## Material provided
^^^^
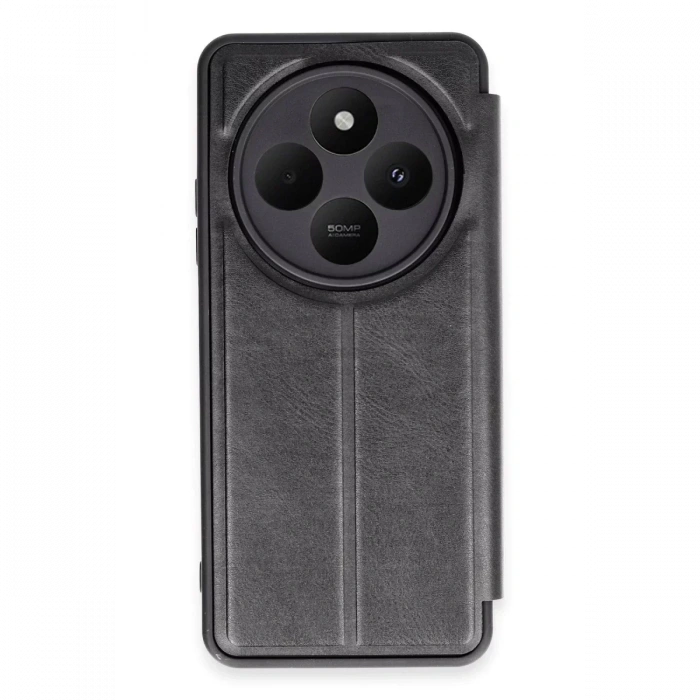 Xiaomi Redmi 14C Kılıf Flip Cover - Siyah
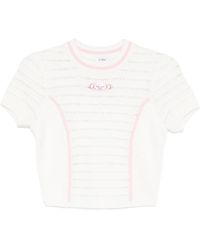 CASABLANCA - Trim Knit Top - Lyst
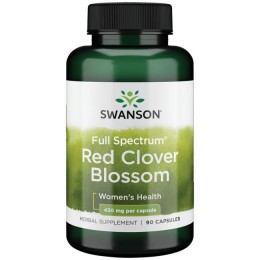 Красный клевер, Swanson, Red Clover Blossom, 430 мг, 90 капсул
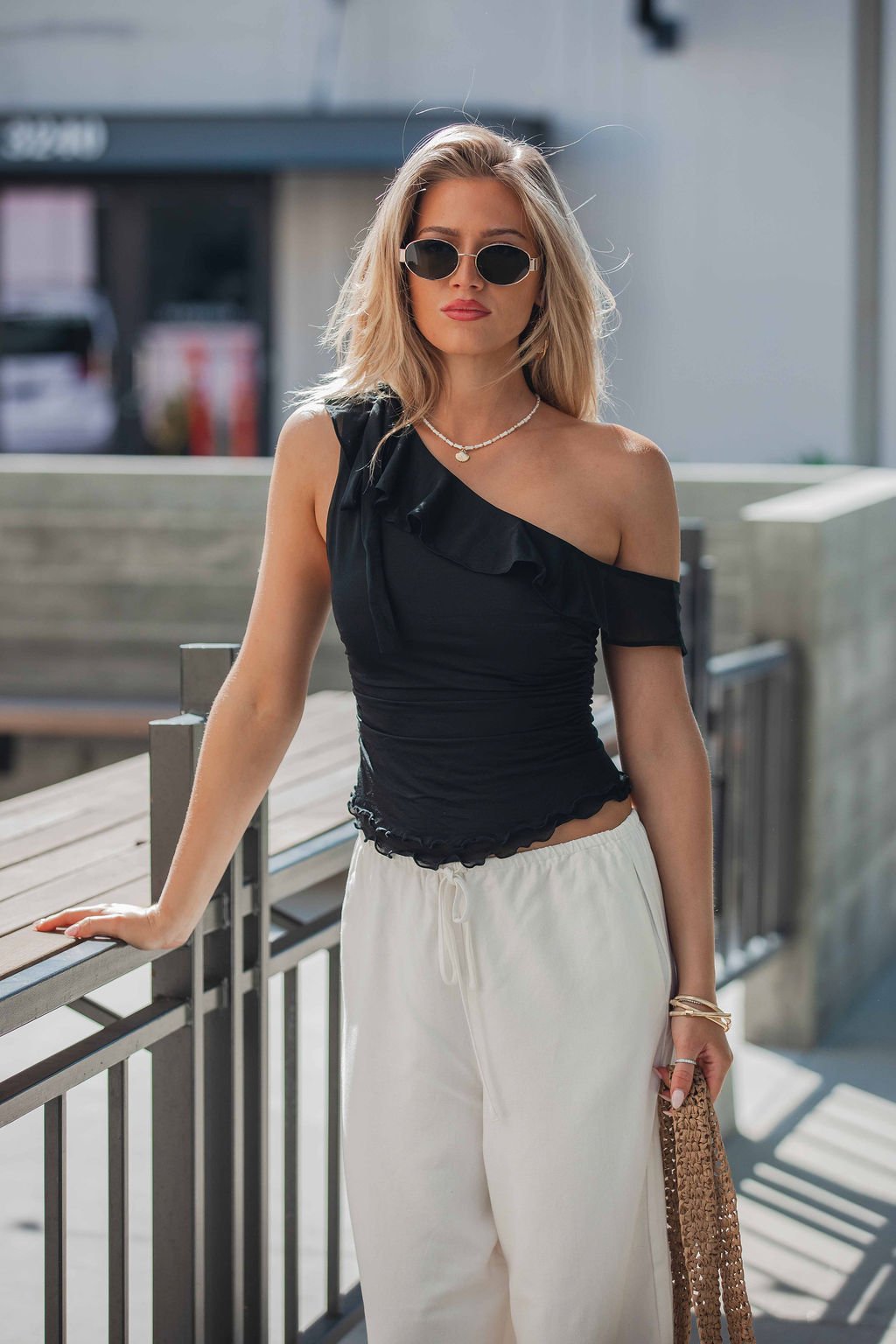 Free People Isla Off The Shoulder Top - Black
^^^^
## What is being asked
Apart from the pictures, repeat the data above exactly.

## Exercise answer
 Xiaomi Redmi 14C Kılıf Flip Cover - Siyah
 CASABLANCA - Trim Knit Top - Lyst
 Красный клевер, Swanson, Red Clover Blossom, 430 мг, 90 капсул
 Free People Isla Off The Shoulder Top - Black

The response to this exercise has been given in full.